The European Securities and Markets Authority (ESMA) said banks and asset managers based in the European Union should execute most of their share trades inside the bloc in a bid to calm nervous investors post Brexit.
ESMA set out a revised share trading obligation ( STO), that mandates where banks and other users of stock markets must trade EU-listed shares from January if Brussels decides not to allow London’s unfettered access in share trading to continue.
The EU watchdog eased previous guidance enabling investors on the continent to trade sterling-quoted shares of European companies listed in London after the transition period, which is due to end 31 December 2020.
“This move from ESMA is a sure sign that pragmatism is at last overriding politics when it comes to how equity markets will function post the transition period,” says Chris Hollands, head of European and North American sales at TradingScreen. “If share trading were to fragment further to the detriment or marginalisation of London, it is hard to see how this would be in the interests of either the UK or the EU.”
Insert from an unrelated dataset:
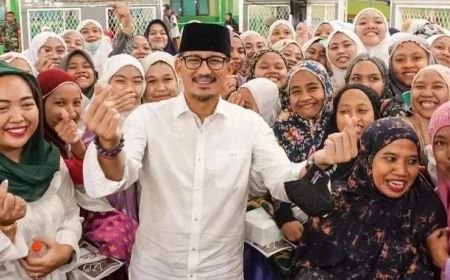 Sambut Libur Lebaran 2023, Kemenparekraf Kolaborasi dengan OTA Siapkan Paket Wisata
The EU is keen to bolster its own capital market and reduce reliance on London, which is Europe’s financial hub, handling more than a quarter of the €40bn (£36.3bn) daily market.
However, the revised STO will only apply to a small portion of market trading across the Channel. Fewer than 50 EU-listed shares are traded in sterling in London, accounting for less than 1%of total EU trading, according to Esma.
The markets watchdog added that trading in a non-EU currency could introduce a currency risk for EU investors, as the EU seeks to diminish its reliance on London capital.
ESMA said it had done the “maximum possible” to avoid a clash with Britain over where shares must be traded from January.
Britain has yet to set out its own rules on trading of EU-listed shares but admits that the best solution would be for Brussels to extend full access.
In a statement, the UK Financial Conduct Authority said, “We note ESMA’s latest interpretation of the scope of the EU STO, and we will set out our approach in due course.”
Cboe, Turquoise and Aquis have opened hubs in the EU that are ready to offer euro-denominated trading in EU-listed shares to avoid disruption to clients.
Talks between EU negotiator Michel Barnier and British envoy David Frost were due to wrap up earlier this week but the government has now extended discussions until Wednesday in the hopes of seeking compromises over the main sticking points of a trade deal.